An project called Food Early Solutions for Africa (FESA) has been working on validating a microinsurance product for African farmers which will use satellite technology to measure drought conditions. This allows them to create an index against which a microinsurance drought product can be triggered.
Their approach is based on collecting Meteosat data for temperature, radiation and evapotranspiration which are then used to generate crop yield estimates or indices. From this they can derive drought probability statistics for each location on a 3km grid. In particular this project is using relative evapotranspiration and relative yield as the main indicators for drought and crop failure.
The first phase of this pilot has now been completed and published in a paper. The study concluded that Meteosat relative evapotranspiration is the most suitable index for drought insurance as it has the lowest basis risk, represents water use by crops and is closely tied to crop growth.

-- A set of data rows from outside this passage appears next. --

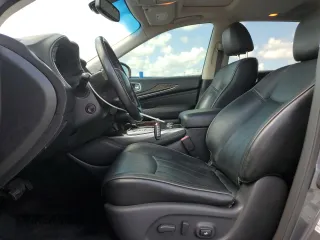 2015 Infiniti QX60 с VIN 5N1AL0MM1FC527265, выставлен на аукционе Copart как лот 60749255 с пробегом 112 219 миль миль и Чистый • Clean title. История ставок и продаж доступна на DreamBid. Изображение 7.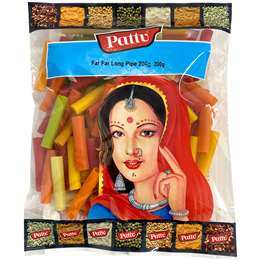 Pattu Far Far Long Pipe 200g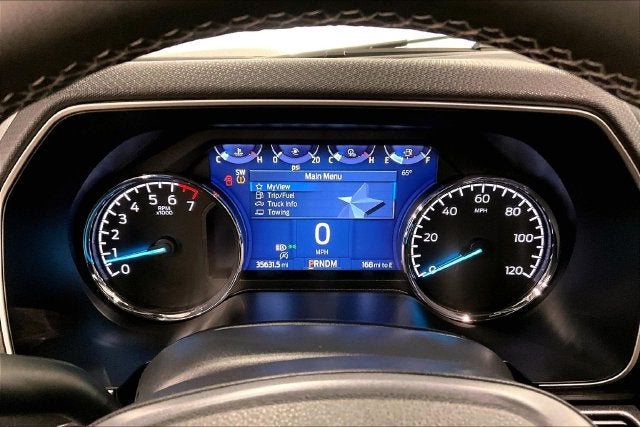 2023 Ford F-150 XLT 4x4-Pano Roof-Htd Seats-Blind Spot Monitor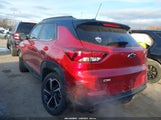 Chevrolet Trailblazer Awd Rs KL79MUSL6MB003874 fotografie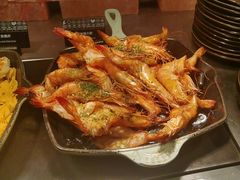 -西安W酒店·WEI全味西餐厅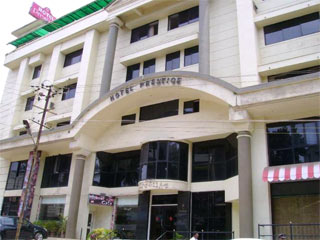 Prestige Hotel Mangalore
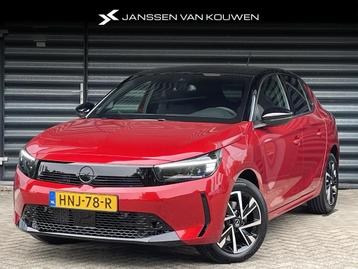 Opel Corsa 1.2 Turbo Yes AIRCO | NAVI VIA APP | LICHTMETALEN beschikbaar voor biedingen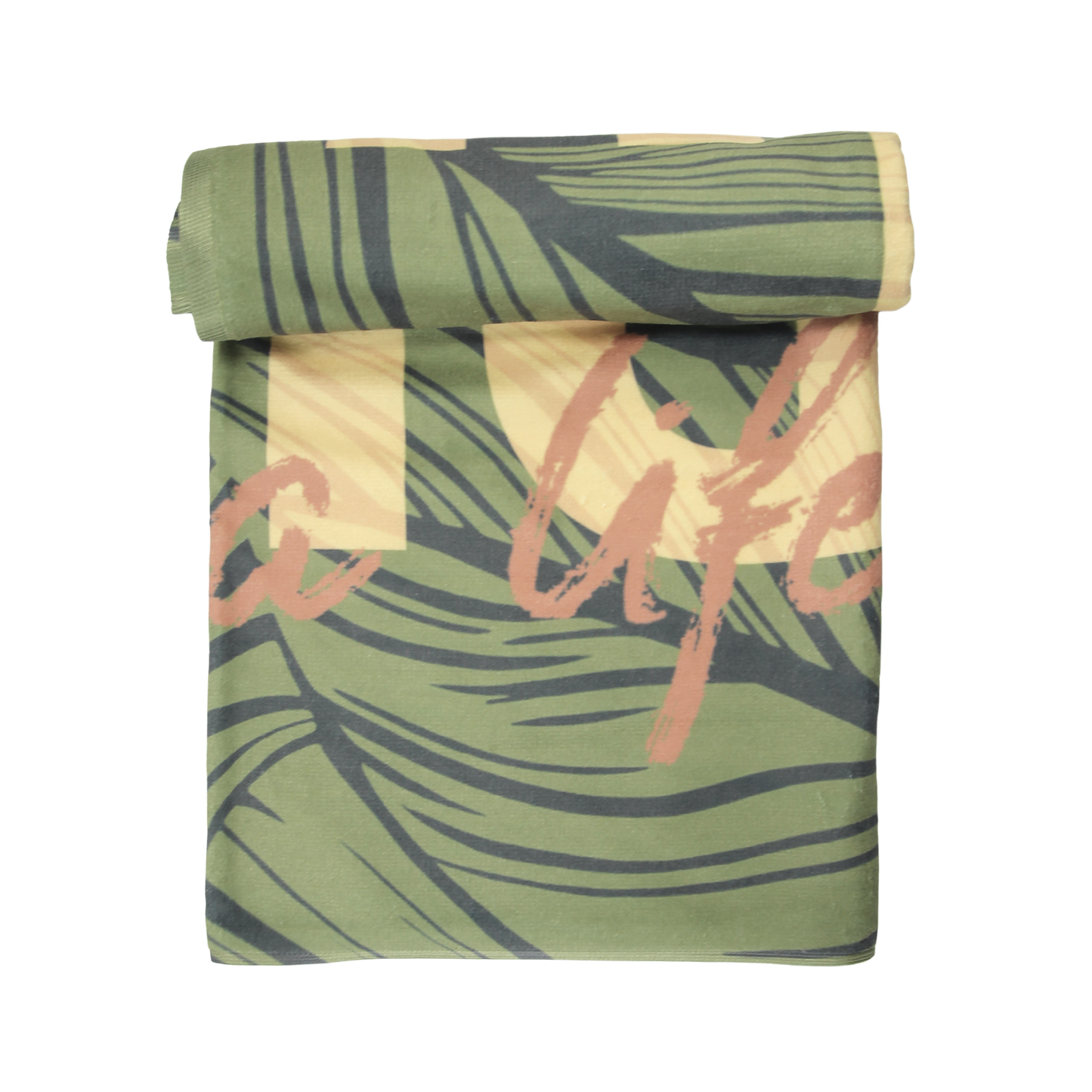 Forest strandhanddoek, strandlaken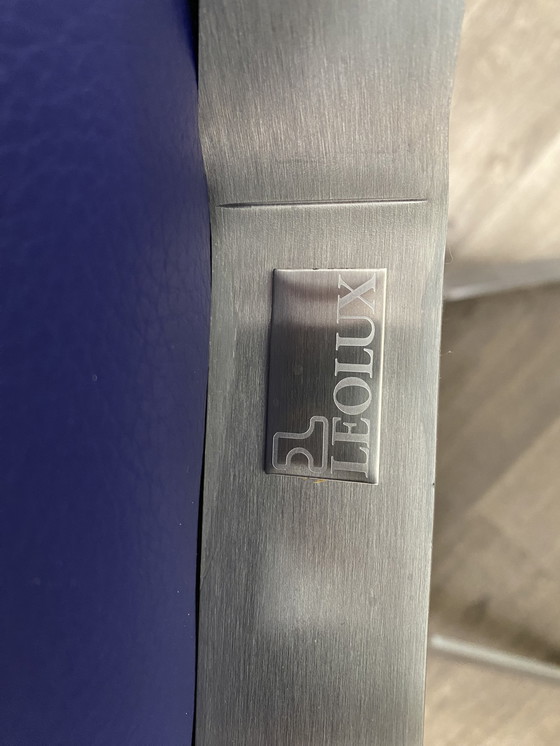 Image 1 of LeoLux-Hocker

They aim to break the region down into climatic zones where each has a specific sowing window and a specific relative evapotranspiration trigger derived from the historical database they have created. From this they say a single fixed premium parametric contract becomes feasible, where only the location of the insured has to be determined and contract parameters can then be read to determine claims.
It sounds like another interesting development which could be of great benefit to the population of drought prone regions of the world. Clever use of technology (such as satellites) could prove to be the factor that makes microinsurance feasible and affordable for both insurers and the insureds.